EEO-1 Report Filers Required to Disclose Payroll and Hours Worked Data by September 30th
For the first time ever, employers that file EEO-1 reports will be required to provide “component 2 data” for calendar years 2017 and 2018. Component 2 data, which includes information regarding employee compensation and hours worked, must be filed by September 30, 2019. The EEOC recently added forms and other documentation to its website that will allow employers to file component 2 data. This e-alert discusses the requirements relating to component 2 data.
Who is required to report?
Employers, including federal contractors, who have 100 or more employees during the employer-selected workforce snapshot pay period (described below) must report compensation data and hours-worked information (i.e., component 2 data). The 100-employee benchmark is not based on a particular establishment, but on the employer’s workforce as a whole. All full-time and part-time employees must be counted for purposes of determining whether the employer meets the 100 employee threshold. Employers that are required to file an EEO-1 report should have already received a USPS letter, dated July 1, 2019, and an email notification with their User ID to access the system. Employers that have not received this information can contact the EEOC’s HelpDesk by sending an e-mail to EEOCcompdata@norc.org, or calling 877-324-6214.

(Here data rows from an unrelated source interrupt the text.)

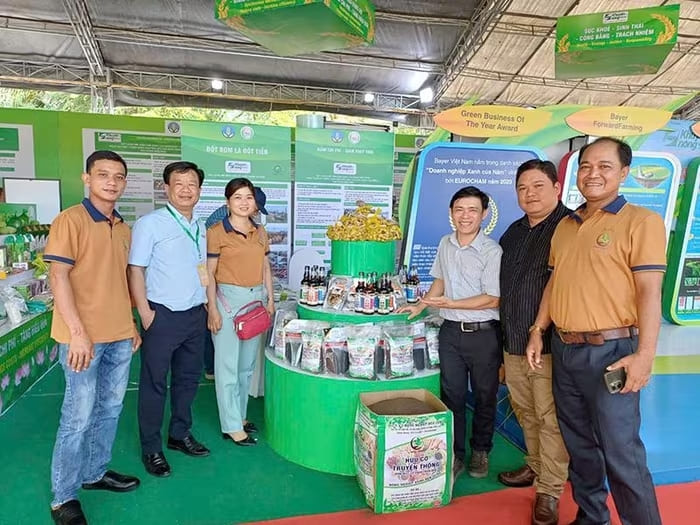 Anh Lê Long Hồ - Giám đốc Hợp tác xã Dịch vụ nông nghiệp Hòa Long (thứ 3 từ phải sang) giới thiệu sản phẩm phân hữu cơ tại các chương trình, hội chợ nông nghiệp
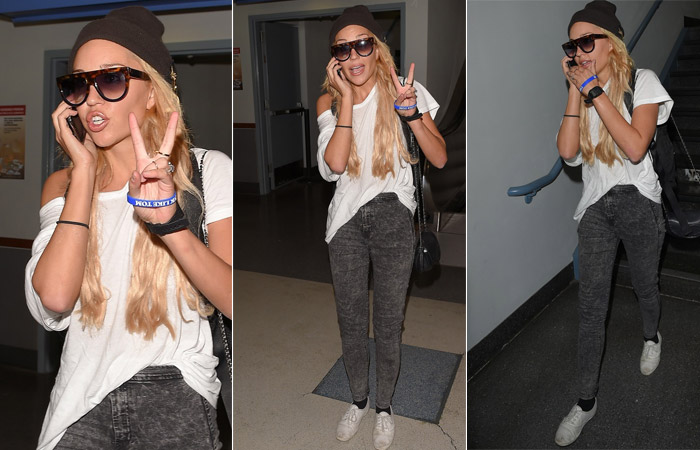 Amanda Bynes chega a Los Angeles fazendo sinal de ‘paz e amor’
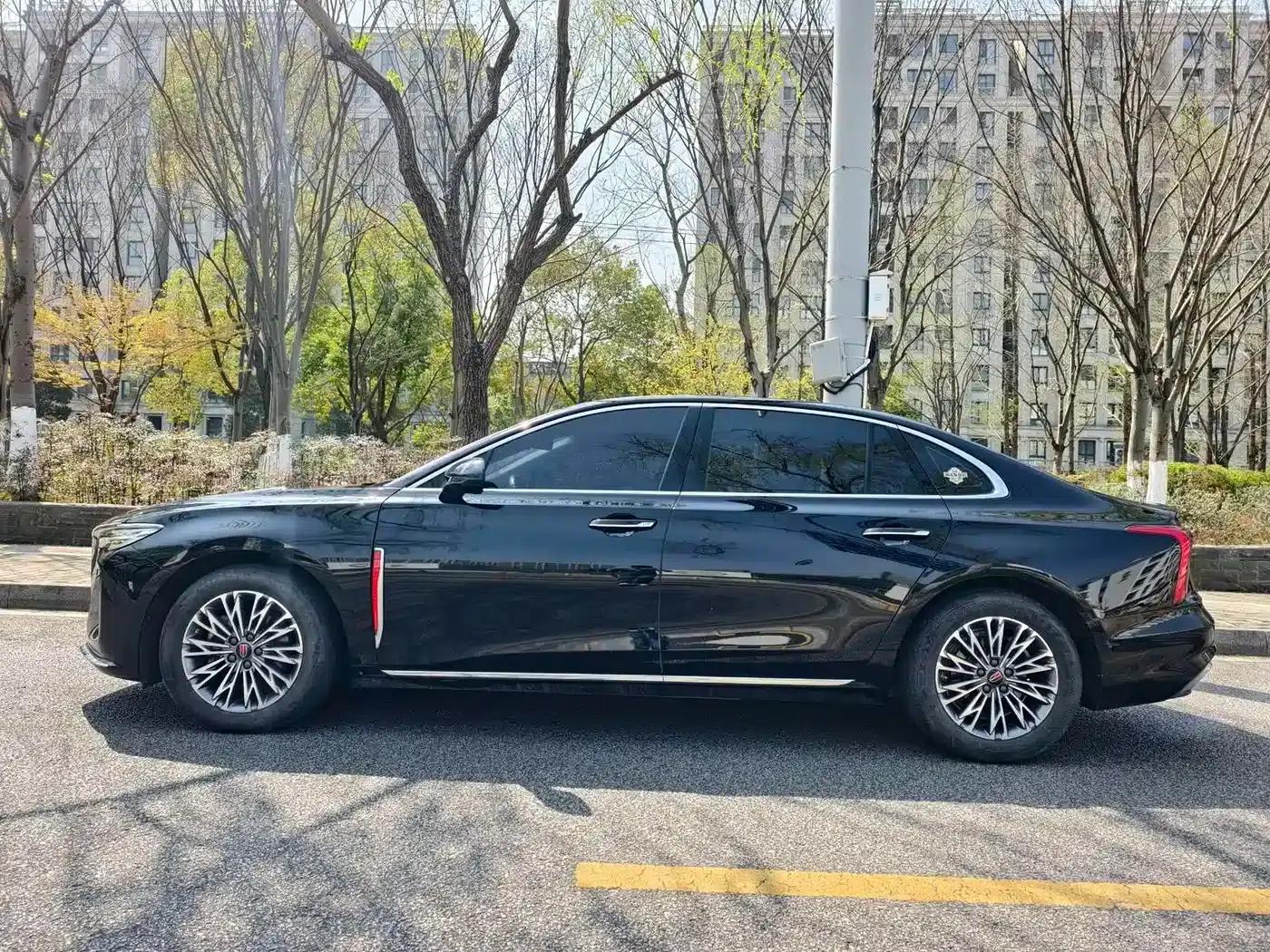 Hongqi H5 2023 2.0T Automatic Intelligent Flagship Edition — миниатюра 4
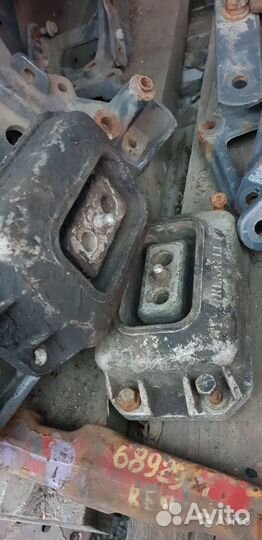 Опора двигателя передняя Renault magnum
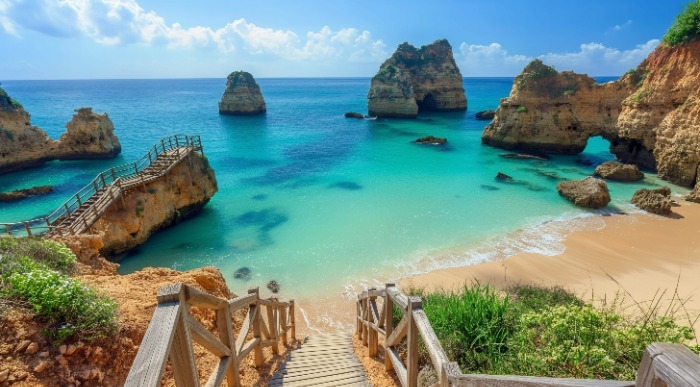 Lesena pot vodi do rajske peščene plaže z kristalno čistim morjem. 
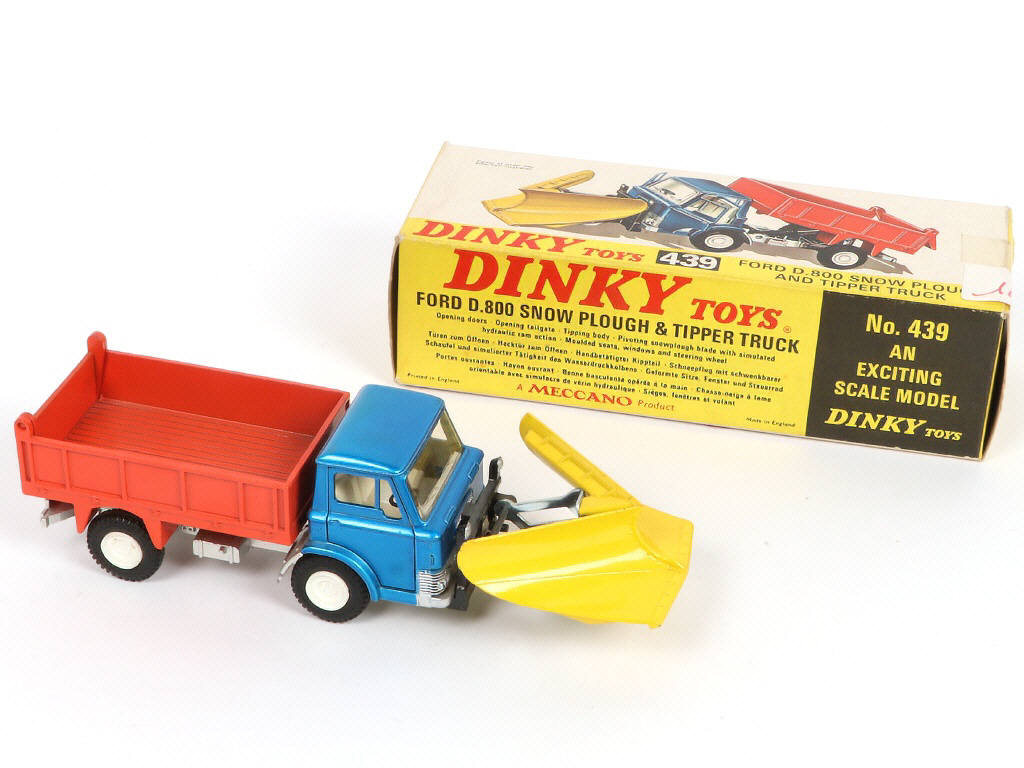 Lot 338 - DINKY TOYS (GB) (2)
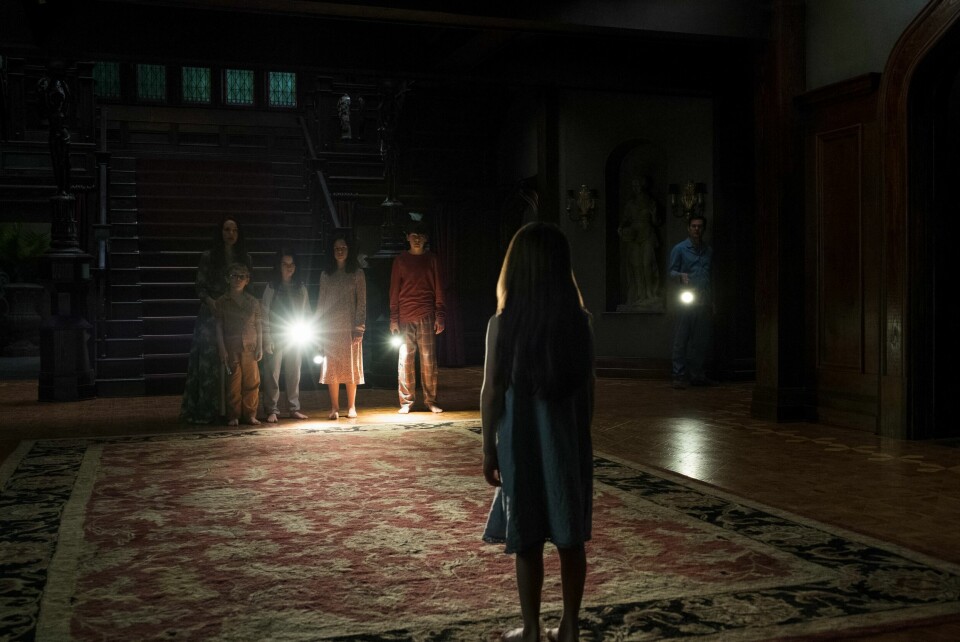 «The Haunting of Hill House» fra 2018 er en klassisk spøkelseshistorie, både skummel, nesten konstant ubehagelig og litt trist. «The Haunting of Hill House» fra 2018 er en klassisk spøkelseshistorie, både skummel, nesten konstant ubehagelig og litt trist.
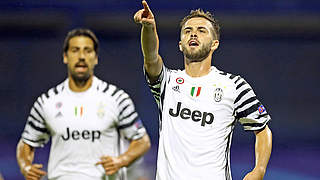 Vier Tore und drei Punkte in Zagreb: Juventus mit Weltmeister Khedira (l.) © AFP/Getty Images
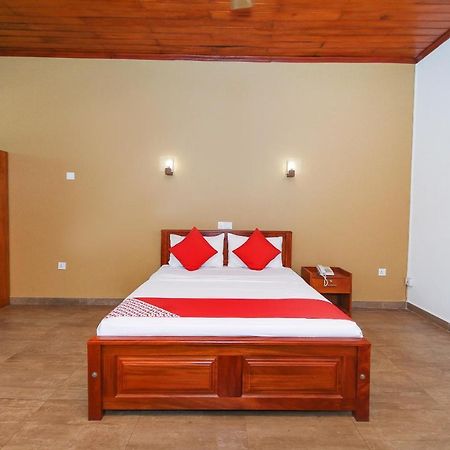 Oyo 471 Randiya Hotel Moratuwa Eksteriør billede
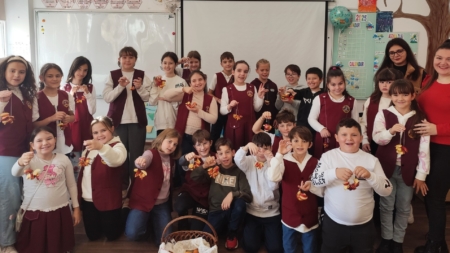 Atelier de înșirat poame pe ață pentru elevii de la „Nicolae Iorga”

The workforce snapshot period is one pay period falling between October 1 and December 31 of the reporting year. Provided that the snapshot period falls within this date range, the employer has the right to select which pay period it uses for reporting purposes. The years are looked at individually, so if the employer had 100 or more employees during 2017, but not 2018, the employer would only provide component 2 data for 2017. Employers are not required to use the same workforce snapshot date for 2017 and 2018. Also, if the number of employees between October and December fluctuates, employers are not required to use a snapshot pay period during which the employer has 100 or more employees.
Component 2 Compensation Data
Component 2 data compensation data must be provided for all full-time and part-time employees who were employed during the employer’s selected workforce snapshot pay period. This includes employees who resigned or were terminated prior to December 31 in the reporting year, but were employed during the workforce snapshot pay period.
Component 2 compensation information must be submitted using the EEO-1 Component 2 Report. While the Report utilizes the same EEO job categories that have been used in the past, the Report also contains twelve compensation bands for each job category. Within those job categories, employers are required to tally the total number of employees, by gender and race/ethnicity, in each compensation band and enter the data in the appropriate columns of the Report. To determine the appropriate compensation band for each employee, employers must use the wages reported in “Box 1- Wages, tips, other compensation” of the employee’s IRS Form W-2. This is true even for employees who did not work the full calendar year, as employers are not permitted to “annualize” compensation for employees who only worked for a portion of the year.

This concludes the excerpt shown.